Il tempo di Antigone

Dal mito nasce una delle prime tragedie di Sofocle, Antigone.

Creonte, re di Tebe, emana un editto che vieta all’intera città, pena la morte, la sepoltura del corpo di Polinice. La città, che deve obbedire al capo che si è scelto, rimane inerme di fronte a tale decisione. La città, ma non Antigone.

Quest’ultima, sorella di Polinice, sfida la legge del sovrano e segue la legge del suo cuore, oppone alla res publica i sentimenti, affronta il potere, il tiranno che non ammette di essere meno saggio e più debole di una donna. Quella donna, che si ribellava lei sola, è Antigone che capovolge le sorti di un casato, si toglie la vita prima che venga spogliata del suo diritto naturale. Quella stessa donna è nata non per odiare, ma per amare.

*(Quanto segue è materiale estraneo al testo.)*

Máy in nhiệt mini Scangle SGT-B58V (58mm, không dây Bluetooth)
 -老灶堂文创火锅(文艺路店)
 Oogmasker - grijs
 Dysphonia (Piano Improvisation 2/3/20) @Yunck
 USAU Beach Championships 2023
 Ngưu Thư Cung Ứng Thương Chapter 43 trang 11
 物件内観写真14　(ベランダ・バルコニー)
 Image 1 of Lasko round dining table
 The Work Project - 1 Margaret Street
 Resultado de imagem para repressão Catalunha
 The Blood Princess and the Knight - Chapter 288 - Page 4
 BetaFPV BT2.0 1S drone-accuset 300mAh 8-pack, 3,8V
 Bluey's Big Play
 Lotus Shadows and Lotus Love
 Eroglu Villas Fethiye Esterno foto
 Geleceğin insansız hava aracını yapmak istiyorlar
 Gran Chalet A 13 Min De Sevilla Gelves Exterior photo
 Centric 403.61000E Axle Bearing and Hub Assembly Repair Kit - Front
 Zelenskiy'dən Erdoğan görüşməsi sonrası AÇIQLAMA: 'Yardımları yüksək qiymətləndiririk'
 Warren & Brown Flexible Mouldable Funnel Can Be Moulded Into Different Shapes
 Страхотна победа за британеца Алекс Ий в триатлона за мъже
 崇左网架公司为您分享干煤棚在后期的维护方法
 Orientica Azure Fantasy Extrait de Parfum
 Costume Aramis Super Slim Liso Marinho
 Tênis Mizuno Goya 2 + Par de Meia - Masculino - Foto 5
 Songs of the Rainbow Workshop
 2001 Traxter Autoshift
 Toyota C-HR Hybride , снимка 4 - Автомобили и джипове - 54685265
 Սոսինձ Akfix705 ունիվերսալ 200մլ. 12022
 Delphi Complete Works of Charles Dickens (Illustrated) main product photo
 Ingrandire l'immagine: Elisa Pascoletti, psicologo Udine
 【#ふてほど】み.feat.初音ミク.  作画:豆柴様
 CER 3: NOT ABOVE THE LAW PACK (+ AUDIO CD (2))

Antigone rappresenta la voce dell’alterità, della sfida al cambiamento. È il nome di chi si assume il rischio di essere sempre sé stessi, di chi è custode di un valore irrinunciabile, di chi ha la consapevolezza che l’essere privata di quel valore fa più paura di morire.

Chi è oggi Antigone? È Rosa Parks, afroamericana che sull’autobus si rifiuta di lasciare il posto perché riservato a un bianco; è l’italiano Piergiorgio Welby, affetto da distrofia muscolare che chiede il diritto alla morte; è Sidqqa, donna musulmana lapidata perché fuggita con l’uomo che amava tradendo il marito che era stato scelto per lei; è la voce dell’innocenza di Carlos De Luna, condannato alla sedia elettrica.

La nostra non è un’epoca amitologica, i miti si ripetono, mai uguali a loro stessi, ma leggermente alterati. Sono storie che non avvennero mai, ma sono sempre.